◆ Task directions
Two lines in the listing below mark the span: one contains "Hideyoshi Nagachika Car" and one contains "Bedroom - 21523". Reproduce both of them and everything between, exactly.

◆ Information supplied
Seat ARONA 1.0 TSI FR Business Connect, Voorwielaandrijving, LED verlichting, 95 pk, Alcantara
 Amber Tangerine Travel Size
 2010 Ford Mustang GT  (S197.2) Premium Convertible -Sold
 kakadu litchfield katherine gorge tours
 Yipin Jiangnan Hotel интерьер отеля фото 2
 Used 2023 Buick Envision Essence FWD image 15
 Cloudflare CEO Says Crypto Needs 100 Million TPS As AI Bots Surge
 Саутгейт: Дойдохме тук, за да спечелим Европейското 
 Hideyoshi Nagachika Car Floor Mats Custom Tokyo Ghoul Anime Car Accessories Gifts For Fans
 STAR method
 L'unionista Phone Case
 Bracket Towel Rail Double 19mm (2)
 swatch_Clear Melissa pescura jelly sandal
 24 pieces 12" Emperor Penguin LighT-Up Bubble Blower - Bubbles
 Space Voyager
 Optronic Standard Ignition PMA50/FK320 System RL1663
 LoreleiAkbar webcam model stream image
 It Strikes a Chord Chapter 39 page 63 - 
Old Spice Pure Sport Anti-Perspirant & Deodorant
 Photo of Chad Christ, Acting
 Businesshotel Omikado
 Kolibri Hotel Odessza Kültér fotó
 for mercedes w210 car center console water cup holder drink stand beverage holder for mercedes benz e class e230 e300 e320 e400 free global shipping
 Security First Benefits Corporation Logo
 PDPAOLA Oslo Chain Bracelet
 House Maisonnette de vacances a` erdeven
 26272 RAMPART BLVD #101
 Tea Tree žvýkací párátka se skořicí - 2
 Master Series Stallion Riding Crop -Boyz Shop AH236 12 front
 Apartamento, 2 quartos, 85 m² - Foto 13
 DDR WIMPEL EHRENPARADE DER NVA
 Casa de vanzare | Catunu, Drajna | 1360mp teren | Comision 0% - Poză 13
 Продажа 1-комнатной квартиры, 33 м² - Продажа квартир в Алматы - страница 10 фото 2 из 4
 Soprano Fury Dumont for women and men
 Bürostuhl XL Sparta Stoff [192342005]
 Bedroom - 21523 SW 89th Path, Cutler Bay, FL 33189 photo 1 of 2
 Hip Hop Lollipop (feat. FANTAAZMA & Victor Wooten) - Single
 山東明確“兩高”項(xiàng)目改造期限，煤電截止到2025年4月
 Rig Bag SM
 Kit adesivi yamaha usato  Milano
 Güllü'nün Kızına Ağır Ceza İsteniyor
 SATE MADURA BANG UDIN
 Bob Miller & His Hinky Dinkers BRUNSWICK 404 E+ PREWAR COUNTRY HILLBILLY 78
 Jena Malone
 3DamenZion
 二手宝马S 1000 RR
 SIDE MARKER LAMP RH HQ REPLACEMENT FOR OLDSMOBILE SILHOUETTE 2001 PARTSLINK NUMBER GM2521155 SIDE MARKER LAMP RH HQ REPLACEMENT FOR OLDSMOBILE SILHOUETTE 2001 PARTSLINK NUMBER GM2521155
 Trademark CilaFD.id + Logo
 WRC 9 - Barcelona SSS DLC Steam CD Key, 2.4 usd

◆ Answer
 Hideyoshi Nagachika Car Floor Mats Custom Tokyo Ghoul Anime Car Accessories Gifts For Fans
 STAR method
 L'unionista Phone Case
 Bracket Towel Rail Double 19mm (2)
 swatch_Clear Melissa pescura jelly sandal
 24 pieces 12" Emperor Penguin LighT-Up Bubble Blower - Bubbles
 Space Voyager
 Optronic Standard Ignition PMA50/FK320 System RL1663
 LoreleiAkbar webcam model stream image
 It Strikes a Chord Chapter 39 page 63 - 
Old Spice Pure Sport Anti-Perspirant & Deodorant
 Photo of Chad Christ, Acting
 Businesshotel Omikado
 Kolibri Hotel Odessza Kültér fotó
 for mercedes w210 car center console water cup holder drink stand beverage holder for mercedes benz e class e230 e300 e320 e400 free global shipping
 Security First Benefits Corporation Logo
 PDPAOLA Oslo Chain Bracelet
 House Maisonnette de vacances a` erdeven
 26272 RAMPART BLVD #101
 Tea Tree žvýkací párátka se skořicí - 2
 Master Series Stallion Riding Crop -Boyz Shop AH236 12 front
 Apartamento, 2 quartos, 85 m² - Foto 13
 DDR WIMPEL EHRENPARADE DER NVA
 Casa de vanzare | Catunu, Drajna | 1360mp teren | Comision 0% - Poză 13
 Продажа 1-комнатной квартиры, 33 м² - Продажа квартир в Алматы - страница 10 фото 2 из 4
 Soprano Fury Dumont for women and men
 Bürostuhl XL Sparta Stoff [192342005]
 Bedroom - 21523 SW 89th Path, Cutler Bay, FL 33189 photo 1 of 2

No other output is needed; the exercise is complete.